One of the many parental lectures I give my kids has to do with defining terms.
(I often think of just giving each of my lectures a number so when the kids are doing something out of line, I can just yell, “Lecture # 59 A!”, but that’s for another post). In this lecture, I tell them communication is a two way street. And I’m not talking just since the advent of fancy, interactive social media. I’m talking since the dawn of time. Communication is two way because it requires a sender and a receiver. And since the sender can’t open his or her head to let the receiver peer in, they have to use the next best thing to get their point across: symbols. Those symbols might be cave drawings or Morse code or smoke signals – or language. The thing is, the symbols aren’t the thing – whether the thing is an idea or a cat. The symbols are a representation of the thing – and everyone can have very different ideas of what the symbols mean. Now, if everyone understood this, things would be better. But the problem is that too many people think everyone has the same idea of what symbols mean and it doesn’t occur to them to question this assumption. This is a particular problem with complex terms like “the digital divide”. If you ask 10 people what it means, you’ll probably get 10 different answers.
So who’s right?
Googling the term yields this definition first:
The Digital Divide is the gulf between those who have ready access to the internet and computers and those who don’t.
Seems simple enough – until you start asking some basic questions:
* What is “ready access”? Does that mean having a smart phone or having access to a computer at your local library?
* What kind of “computers”? Desktops or laptops? PC’s or smart phones? Are video game consoles computers?
* What is “ready access to the internet“? Is that access to private WiFi you or someone else pays for or public access? Is that high speed? Does it mean not having external barriers to access, like not being able to afford internet access or living somewhere where it’s not available, or internal barriers like lack of education?
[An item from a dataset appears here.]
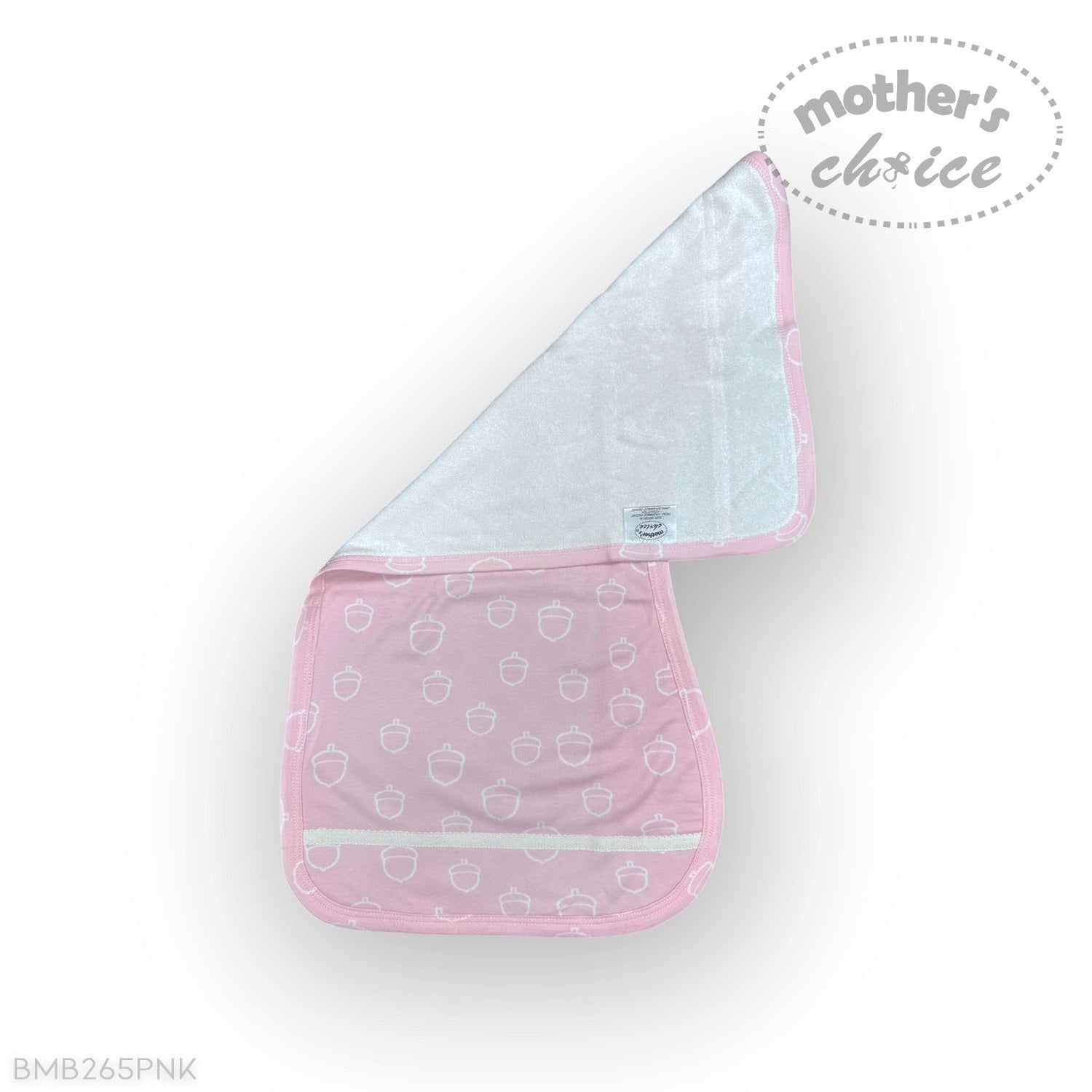 Baby bib with pink and white design on a white background, featuring 'mother's choice' branding.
When you start considering the complexity it becomes clear that the term “digital divide” may be too black and white. It’s more like a digital spectrum – or spectrums – with different groups,  or members, falling somewhere along them. For example, ask most North Americans which side of the digital divide Africa is on and 99% will say “the wrong side”. Yet Africa has one of the highest rates of mobile penetration in the world – and growing.
Or ask kids from the West Bank, brought up on images of the wired West, what side the US is on and they’re bound to say “the right side”. Yet kids in inner city schools struggle along with 10-year old desktops while kids in rich ones are downloading the latest iPad app.

We need to talk about digital spectrums and get more people closer to the good end of more of them. Our future on this planet depends on it.